Snowstorm brings early test for N.Y.
By TINA SUSMAN and ALANA SEMUELS
NEW YORK -- On his first full day in office Thursday, New York City Mayor Bill de Blasio faced a headache that has bedeviled many a mayor before him virtually every year: a large snowstorm.
At a news briefing shortly after swearing in his new police commissioner, former Los Angeles Police Department Chief William J. Bratton, De Blasio had some good news for New York. Forecasters were predicting just a few inches of snow overnight, less than first anticipated.
But east of the city, Nassau and Suffolk counties on Long Island were under a blizzard warning, as was Cape Cod in Massachusetts and some coastal areas of Maine and New Hampshire.
Boston's mayor, Thomas Menino, who steps down Monday after 20 years in office, announced schools would be closed today.
"Extended vacation, one last gift from Mayor Menino to students of Boston," the city said in a news release.
In Connecticut, state employees were let out of work early to beat the snow home. More than 5,000 flights were canceled or delayed nationwide in anticipation of the storm, and Boston's Logan International Airport said it would not handle any flights after 8:30 p.m. Thursday.
The Boston area is expected to get up to 14 inches of snow. This is nothing new for the city. Last year, it got 24.9 inches of snow in one February storm.
But this storm is something new for De Blasio, who campaigned on the idea that under his billionaire predecessor, Michael R. Bloomberg, New York became a "tale of two cities," right down to the distribution of snow plows.
For De Blasio, that came into clear focus in December 2010, when a storm dumped approximately 20 inches of snow on the city. For three days, hundreds of thousands of New Yorkers living outside of Manhattan -- including De Blasio, then the city's public advocate -- waited for plows to clear their streets.
It was a debacle for Bloomberg, who conceded the city's response was "inadequate and unacceptable."
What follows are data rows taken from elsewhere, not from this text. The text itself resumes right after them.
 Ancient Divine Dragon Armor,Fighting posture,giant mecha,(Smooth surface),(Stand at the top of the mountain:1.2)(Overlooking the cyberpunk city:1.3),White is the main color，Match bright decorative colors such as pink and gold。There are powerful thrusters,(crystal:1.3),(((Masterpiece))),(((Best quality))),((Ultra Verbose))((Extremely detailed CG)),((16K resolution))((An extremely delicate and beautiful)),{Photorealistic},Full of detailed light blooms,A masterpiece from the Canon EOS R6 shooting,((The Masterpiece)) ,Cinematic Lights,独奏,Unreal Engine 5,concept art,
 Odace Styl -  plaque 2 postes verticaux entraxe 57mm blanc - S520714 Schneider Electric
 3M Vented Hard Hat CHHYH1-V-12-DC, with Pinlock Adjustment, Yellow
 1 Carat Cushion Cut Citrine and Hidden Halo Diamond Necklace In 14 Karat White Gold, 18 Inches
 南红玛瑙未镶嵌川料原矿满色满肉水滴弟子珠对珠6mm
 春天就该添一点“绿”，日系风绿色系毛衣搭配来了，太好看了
That won't happen this time, De Blasio vowed as the temperature outside fell into the 20s and winds whipped off the rivers surrounding Manhattan.
"I went to sleep with visions of snow in my head," said De Blasio, adding 450 salt-spreaders and 1,700 plows were ready to cover the 6,000 miles of streets in the city's five boroughs: Brooklyn, Queens, Bronx, Staten Island and Manhattan.